= Yacoubian Building (Beirut) =

Building in Beirut, Lebanon

The Yacoubian building is a commercial and residential edifice in Beirut, Lebanon. The building is located in Caracas neighborhood of Ras Beirut, in a coastal strip of the Lebanese capital Beirut. The building belonged to a Lebanese-Armenian named Yacoub Yacoubian.

The edifice is a 10-story, double-bloc building with 140 flats. Unlike the colonial style of Cairo's Yacoubian Building, Beirut's counterpart comes shaped like a U-turn, copying the style of Le Corbusier.
The building was famous for hosting a number of artists, including singer Fayza Ahmed and comedian Abdel Salam Al Nabulsy. One floor underground was the venue of a night club called The Venus. During the Lebanese Civil War, the Venus closed its doors and the Yacoubian building declined.

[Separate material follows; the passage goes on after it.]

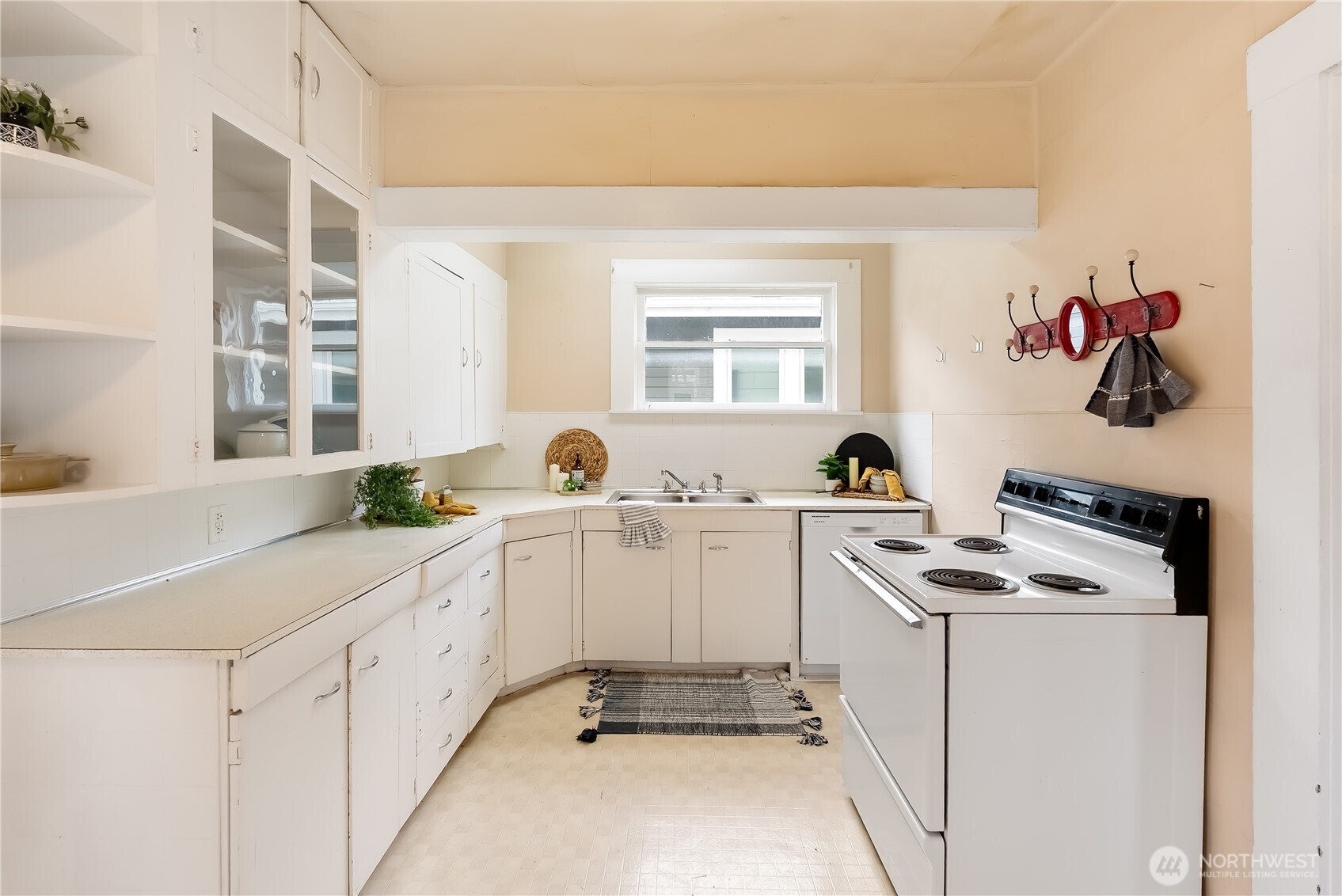 2414 Elm Street Bellingham, WA 98225 - Photo 14 of 36 a kitchen with cabinets and window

The then-chic and now run-down edifice is a metaphor of Beirut's old architectural heritage and is subject of Spectrice (Yacoubian Building, Beirut) display and work of art commissioned in 2006-08 and made of non-shrinking grout, aluminium, glass, fabric.

Beirut's Yacoubian Building is not to be confused with an edifice in Cairo, Egypt, called Yacoubian Building belonged to the Lebanese-Armenian businessman Hagop Yacoubian, from the same family.